Starscream is one of Simon Furman's favourite characters and his conniving was the subject of the writer's first ever TF story. I'm really pleased that with everything going on there's still time for some good old fashioned Starscream plotting. I'm even more pleased that instead of overpowering the story it compliments the proceedings brilliantly.

13. Unicron's influence

Unicron sends Hot Rod, Kup and Blurr into the past to stop Galvatron.

He may have been 20 years and a virtual galaxy away from the events on Earth but Unicron influence is palpable. Furman's lines at the end of issue 84's story 'Trios' (incidentally my runaway favourite issue in the whole saga) about the 'subconscious, malevolent laugh' deep in the subconscious of Hot Rod, Kup and Blurr, illustrates his presence in the proceedings.

It is an uneasy feeling felt by the protagonists on Cybertron and Earth, and not least, Galvatron himself. We're told on a subsequent letters page that at some point in the Movie, Unicron snares the minds of the trio of 'future Autobots' and teleports them to Cybertron, where they utilise Galvatron's time jump equipment and follow the Decepticon trio back. They have been subliminally primed by Unicron with the knowledge of how to defeat Galvatron, and they will later be returned to 2006 and their minds erased of their involvement.
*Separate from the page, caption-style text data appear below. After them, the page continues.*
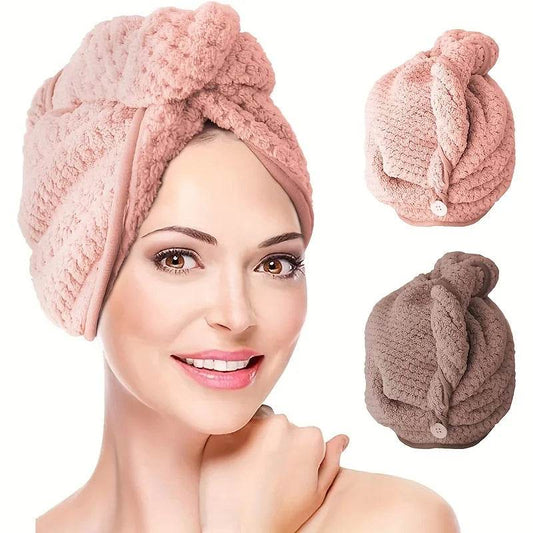 Hair Dry Turban Towel Wraps Solid Color Dry Hair Cap Quick Drying Towel Unisex Soft Bath Head Wraps - P12 Hub Europe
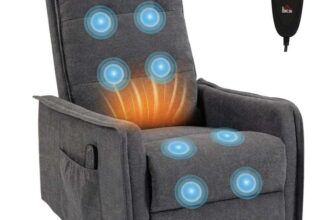 360 Swivel Rocking Recliner with Heat & Massage, Side Pockets, Dark Grey (using code)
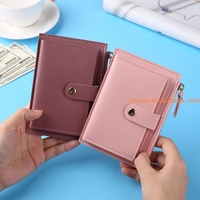 Harga pabrik dompet wanita kulit PU dompet wanita tempat banyak kartu koin kecil ramping pendek dompet ritsleting pengait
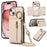 For iPhone 15 Leather Back Cover Zipper Wallet Kickstand Phone Case with Shoulder Strap - Beige - 1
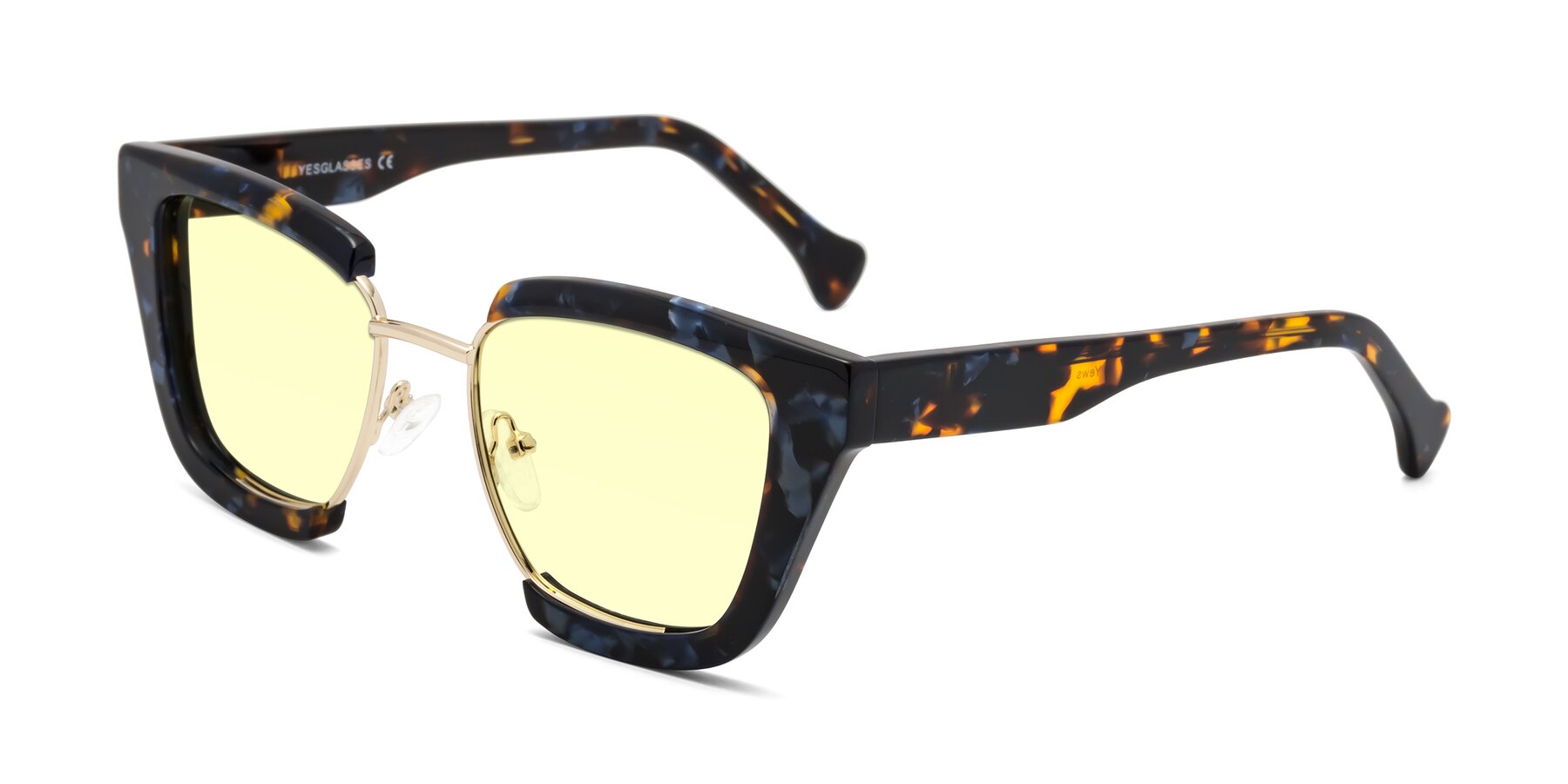 Angle of Yews in Blueberry Tortoise-Gold with Light Yellow Tinted Lenses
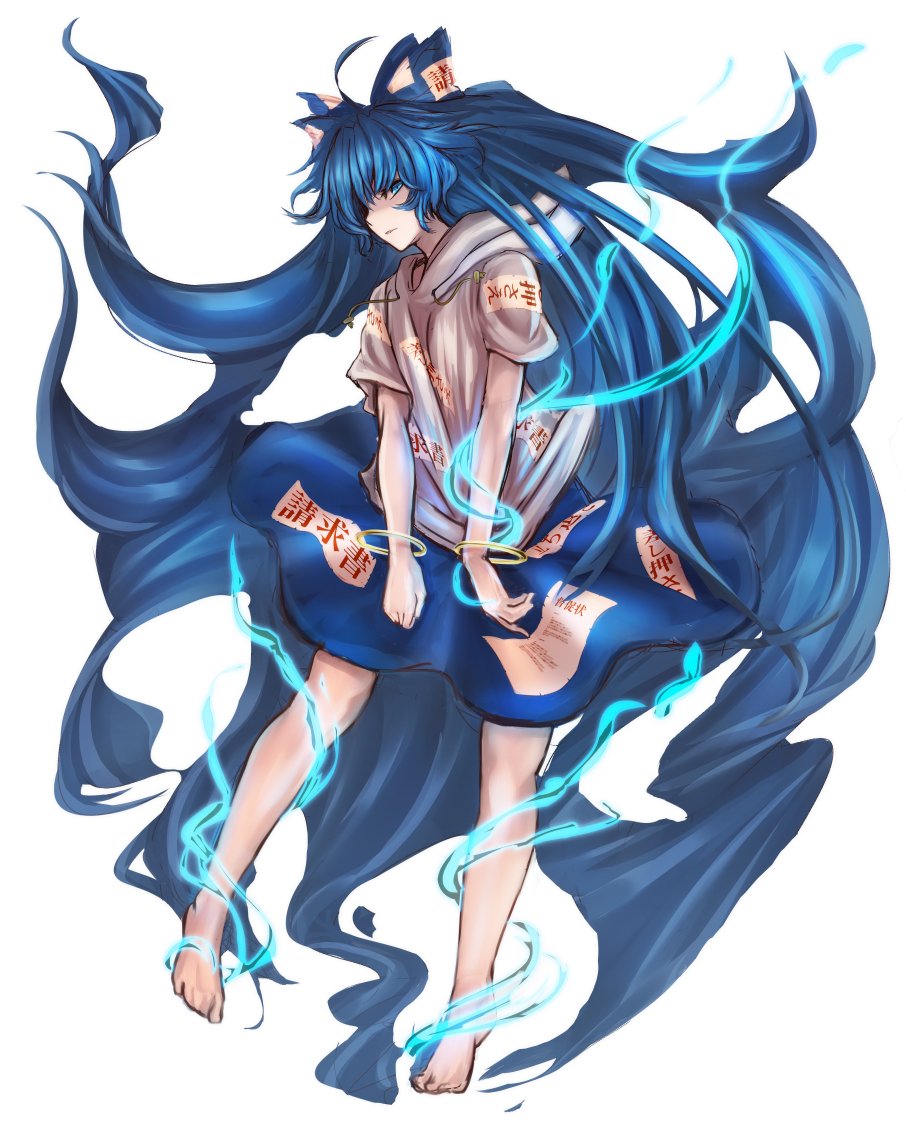 1girl akehi_yuki bangs barefoot blue_bow blue_eyes blue_hair blue_skirt bow bracelet closed_mouth drawstring full_body grey_hoodie hair_bow hood hoodie jewelry long_hair looking_at_viewer ofuda_on_clothes short_sleeves simple_background skirt solo touhou white_background yorigami_shion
I always wondered how it was that Unicron came to unleash his assault on Cybertron in 1991, thereby consigning the events of the Movie to a parallel universe, and the key to this may be in his link with Hot Rod, Kup and Blurr. This is just my theory but maybe that these 'agents' could have completed their mission, and then transmitted coordinates to the Unicron of the present day, allowing him to alter course and be in the neighbourhood when Primus' scream alerts him to Cybertron's location. This would allow him to arrive considerably sooner than 2006.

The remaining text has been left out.